If you’re not familiar with the concept, the first time you read through the manual can be very confusing when assaulted with the many options, especially in terms of the varied types of cards, their properties, and purposes. Monster cards, special cards, alignment, class, terrain effects, relationships, levels, sacrifice, special monsters, fusion, magic cards, terrain cards, trap cards, ritual cards, special ritual cards, and more tend to overwhelm the unsuspecting gamer. At first glance, the idea of meshing all the elements into a cohesive, understandable, easy-to-use entity seems daunting, if not impossible.
In practice, though, the learning curve isn’t nearly as tough as first appearances would seem to dictate. With a bit of patience and attention to the short but fairly detailed manual, you can be battling on the virtual battlefield very quickly, though understanding the nuances and the interrelationships between the dueling monster cards takes a while. More time is probably spent trying to figure out how to fill in the blank cards on the list of 800, until you happen to notice the short blurb near the end of the manual that explains how to obtain passwords from the corner of Yu-Gi-Oh! card game cards.
Cards are displayed effectively on the Game Boy Color screen with clear wording, nice portraits, good color, and easy-to-read text. Monster cards show the name, level, card number, deck cost, attack and defense factors, class and alignment, and any pertinent notes about the action (e.g., “highest-level magic user”). Special cards are simpler and display card name, number and deck cost, type, and notes. Menus are easy to navigate, and the Chest and Deck displays offer critical information in nicely designed formats, especially after a quick study of the various field explanations.
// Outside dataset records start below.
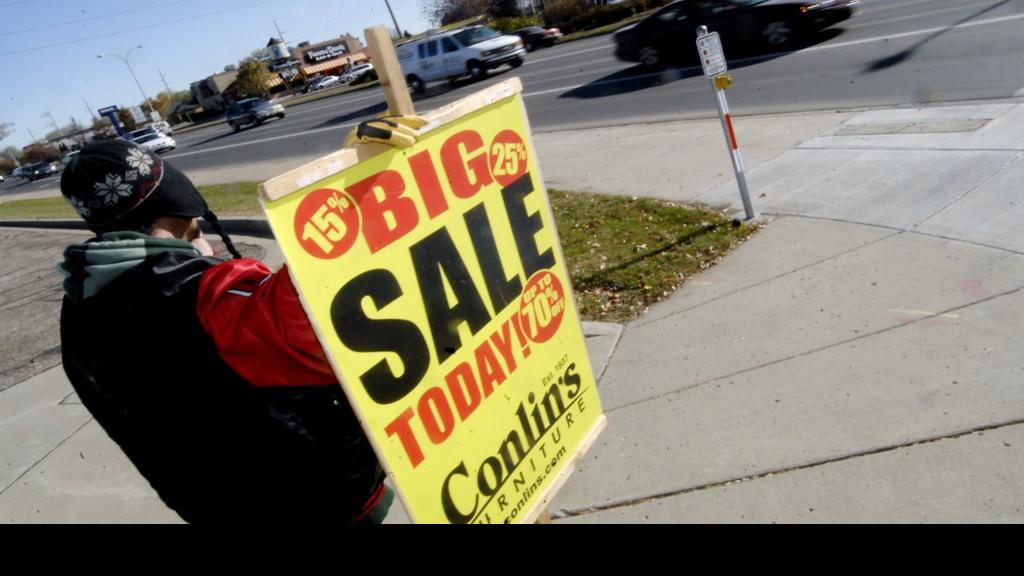 Bismarck businesses turn to 'live' advertising Local news for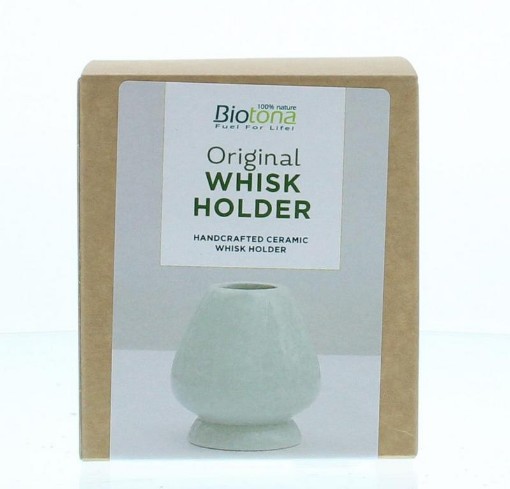 afbeelding van Biotona whisk holder green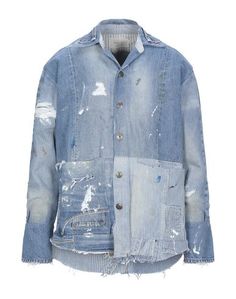 Джинсовая верхняя одежда Greg Lauren With Levis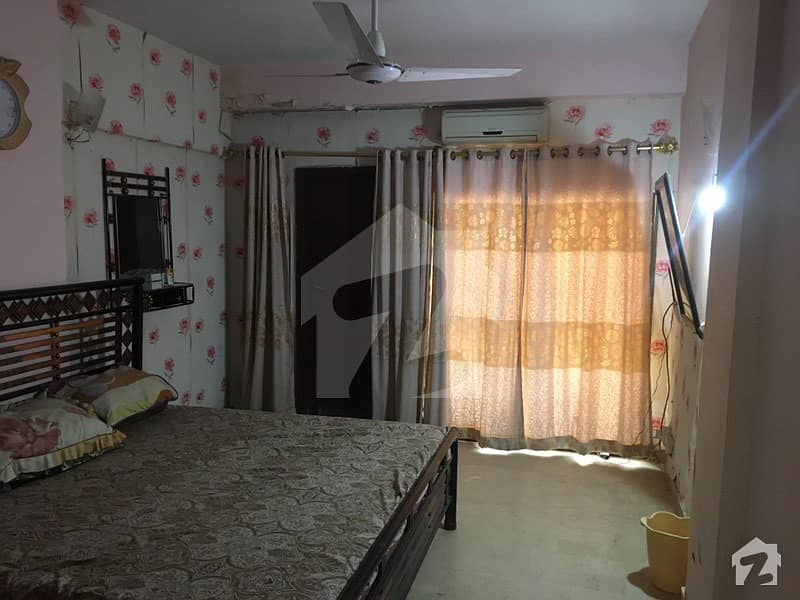 Marine Drive Two Bedrooms Full Furnished Block-2 Clifton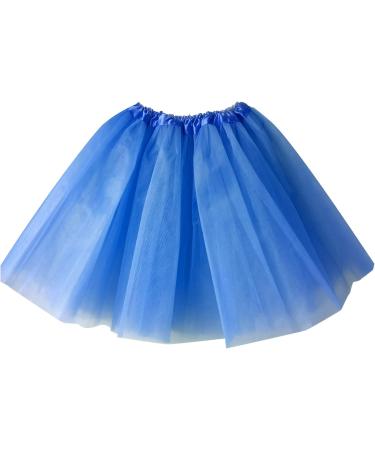 Shop Women s Retro High Waist Tutu Skirt Short Tulle Petticoat in Pink & White | International Shipping Available - Buy Online on GoSupps.com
Actual combat between monsters is fairly straightforward with players giving specific commands, like attack, defend, discard, skip a turn, sacrifice cards to bring special monsters into play, or use special powers. You can equip magic cards to raise or lower specific factors or monster levels, change terrain conditions, fuse two cards by placing one on top of the other to create a new card with different properties, set traps or perform rituals. With the enormous number of cards and combinations available, gameplay is rarely stale and can be very entertaining as you try and lower your opponents starting Life Points from 8000 to zero.
As in most collectible card-based games, building a balanced deck is the key to success, but one that can elude the novice player. Only through practice and gained knowledge of the variety of cards will gameplay speed up, since beginners will need to focus on what each type of card does and learn the advisability of playing certain special cards or the nuances of relational situations. While the victory conditions are simplistic (reduce your opponent’s life force to zero), a few unusual circumstances, such as collecting all Exodia cards (number 17-21) in one hand, will result in instant victory.
Exception rules like one-per-deck card limitations, terrain effects that provide advantages or disadvantages to specific monsters, and superiority or inferiority of relationships based on alignment keep Yu-Gi-Oh! Dark Duel Stories’ gameplay fun and unpredictable. Despite the slow process of building decks, which is due in large part to the small screen that requires viewing details about each card separately, and the potentially frustrating process of finding passwords from external sources, Dark Duel Stories is well suited for the Game Boy Color system.
Detailed cards, easy-to-read text, and a clearly formatted menu system translate the card game nicely to the handheld system.
Background music is repetitive, although a variety of short tunes play at various screens, and can easily be voided by turning the sound off. The sounds consist of standard blips and beeps.
Learning to play effectively can be challenging, but getting into the game is easy enough. Having to get additional cards from external sources is disappointing, but the password system seems fair to those who have invested in the card game, though purchasers of the video game may feel differently.
With literally thousands of combinations and cards possible, no two games need ever be the same. Collecting, trading, and creating cards allows expansion of the basic game. Multiplayer link cable offers unlimited play.
The manual can be confusing when initially read from cover to cover, but players will find it helpful when used in conjunction with gameplay. Some elements need expanded explanations.